▶ What to work on
Go through the listing below and say how many lines contain "براغي"; write nothing but the number.

▶ Data
○ ○ ○ ○ ○

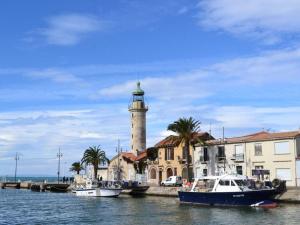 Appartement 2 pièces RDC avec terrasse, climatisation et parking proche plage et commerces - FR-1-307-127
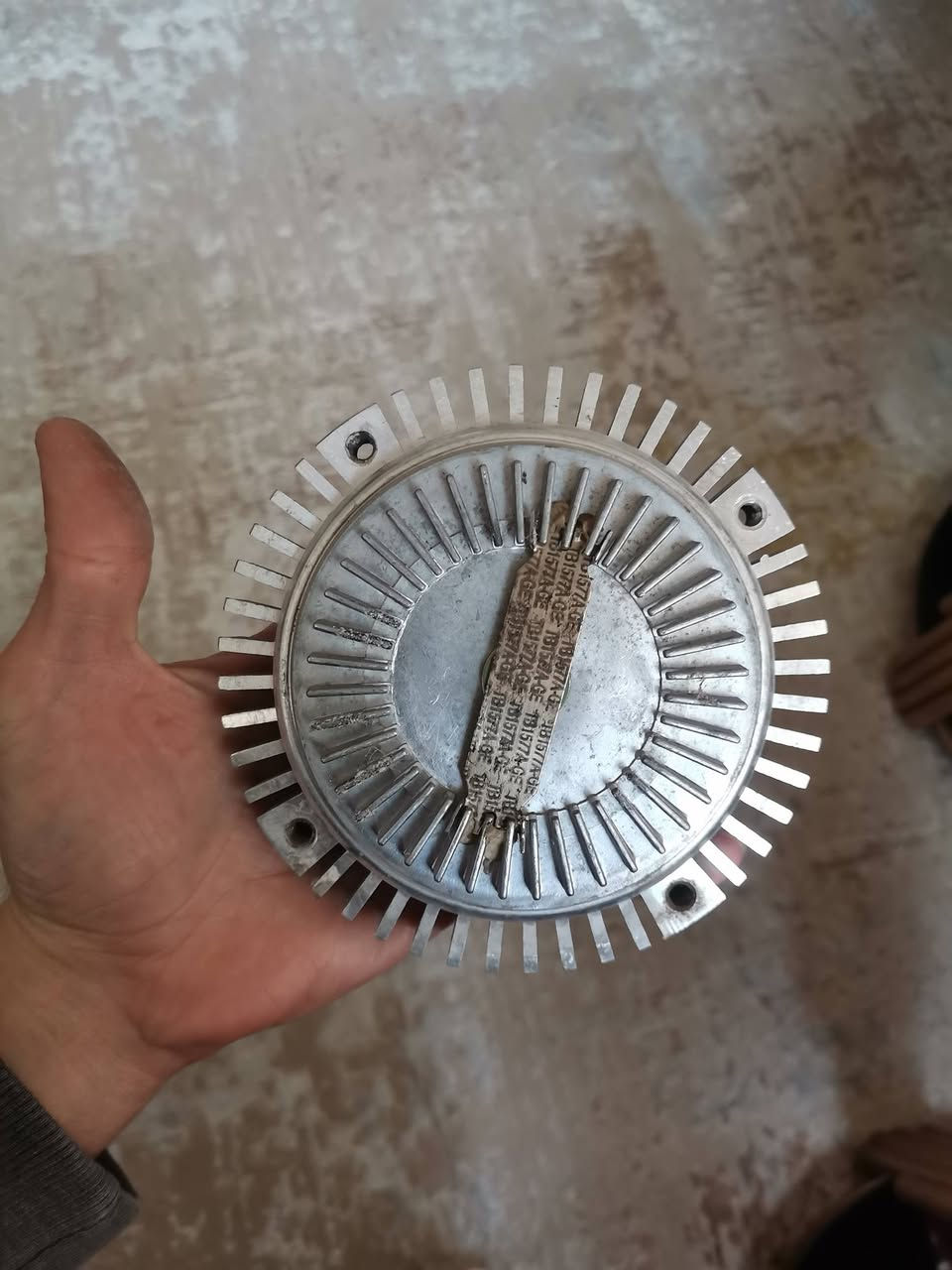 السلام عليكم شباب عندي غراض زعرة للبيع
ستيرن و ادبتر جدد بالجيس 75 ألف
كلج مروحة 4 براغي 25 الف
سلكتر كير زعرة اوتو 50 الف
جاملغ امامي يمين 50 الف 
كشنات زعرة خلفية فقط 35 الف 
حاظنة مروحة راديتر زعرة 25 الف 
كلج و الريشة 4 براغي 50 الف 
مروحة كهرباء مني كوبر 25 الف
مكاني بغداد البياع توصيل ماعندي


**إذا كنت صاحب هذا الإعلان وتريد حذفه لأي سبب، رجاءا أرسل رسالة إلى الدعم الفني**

○ ○ ○ ○ ○

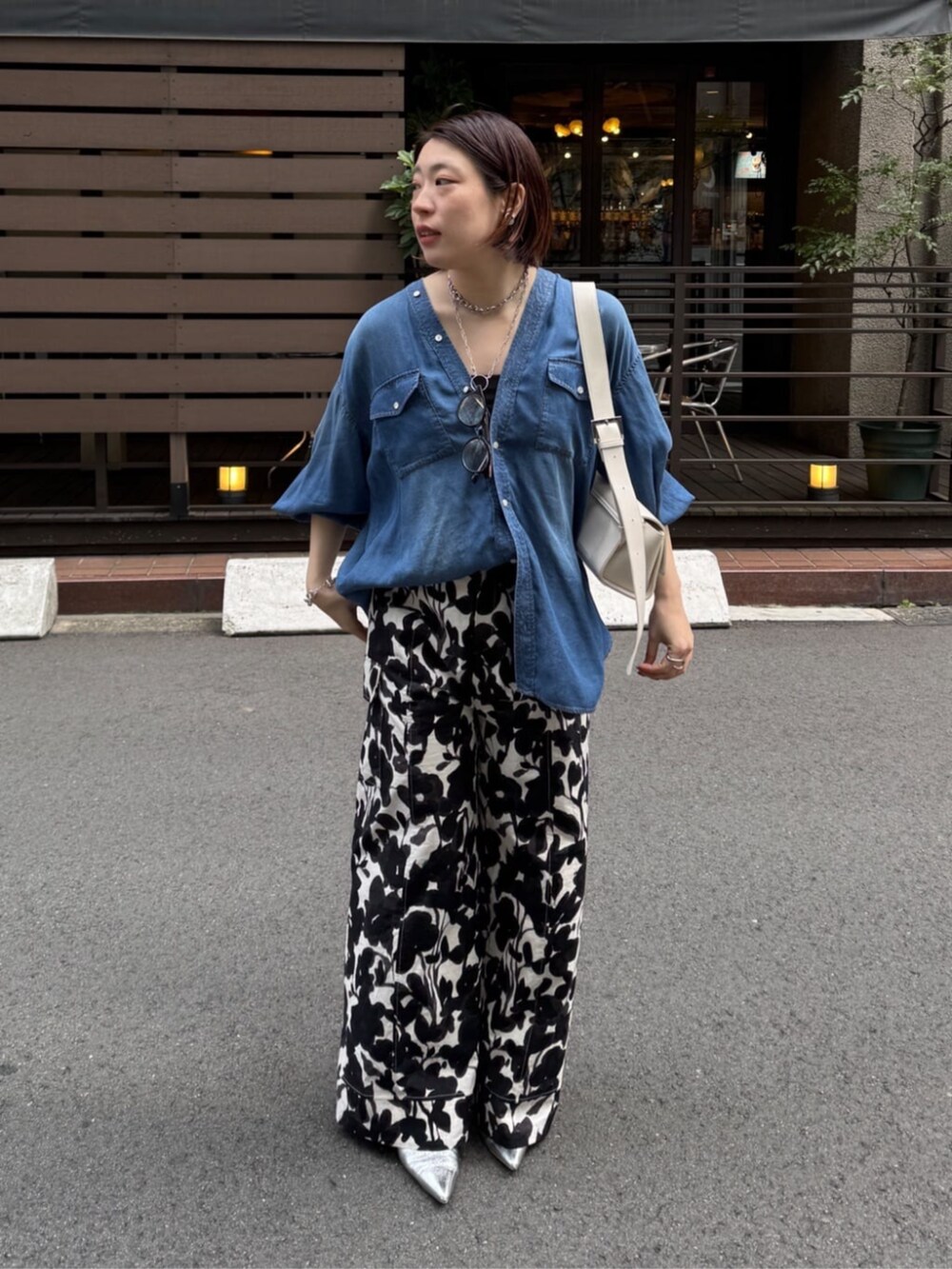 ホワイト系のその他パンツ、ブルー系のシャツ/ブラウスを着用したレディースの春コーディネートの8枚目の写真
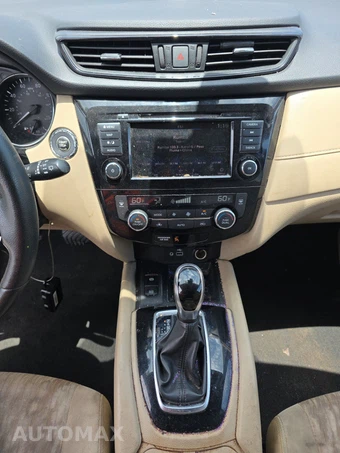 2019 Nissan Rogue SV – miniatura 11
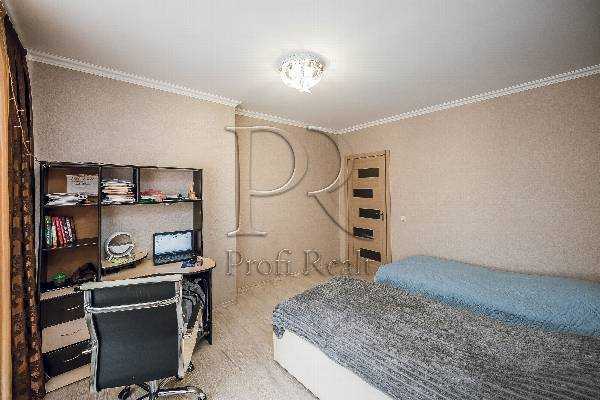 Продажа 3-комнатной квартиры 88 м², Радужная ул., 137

○ ○ ○ ○ ○

▶ Answer box
2